The National Parks and Wildlife Service (NPWS) has commissioned a comprehensive survey on the impact of fires over the past four decades – in particular Killarney National Park in April.

The tender, worth €300,000, and named ‘Study on the Impact of Fires On The Biodiversity of Killarney National Park’, seeks to find out the biological impacts of the fires in the 26,000 acre park.

The fires in April burned from Friday night on April 23 until around 12pm the following Monday when they were finally brought under control.

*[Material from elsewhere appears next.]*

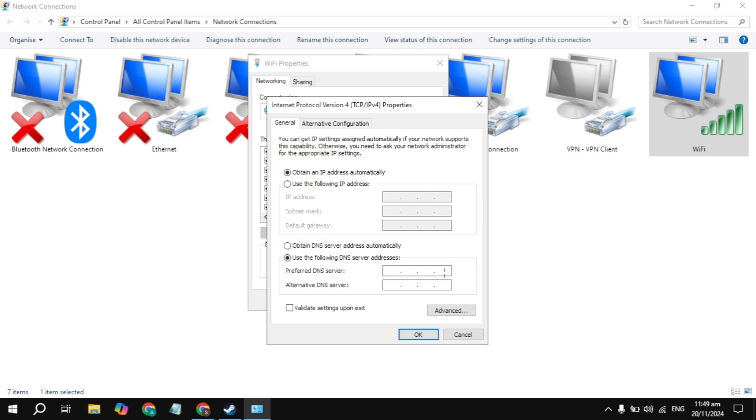Type 1.1.1.1 in the preferred DNS, and in the alternate, type 1.0.0.1. This is the Cloudflare DNS server.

Parts of the Park were scorched resulting in flora and fauna being wiped out. Some fires came as close as 10 metres to a church and school in the Black Valley area.

Fires raged near Tomies Wood and fire crews from five different districts quenched fires near the properties under threat. A real threat was for The Oak Woods but fire fighters managed to avert danger.

The fire is believed to have begun on the Kenmare Road area escalated by the strong winds.

“The purpose of this tender is to commission a comprehensive survey of the impacts, and the chrono-sequence of fire recovery or otherwise, on lands burned over the past four decades, as well as surveys in unburned areas, in order to assess the biological impacts of the fires, in particular the fire of April 2021, on the biodiversity of Killarney National Park,” an NPWS spokesperson told the Killarney Advertiser.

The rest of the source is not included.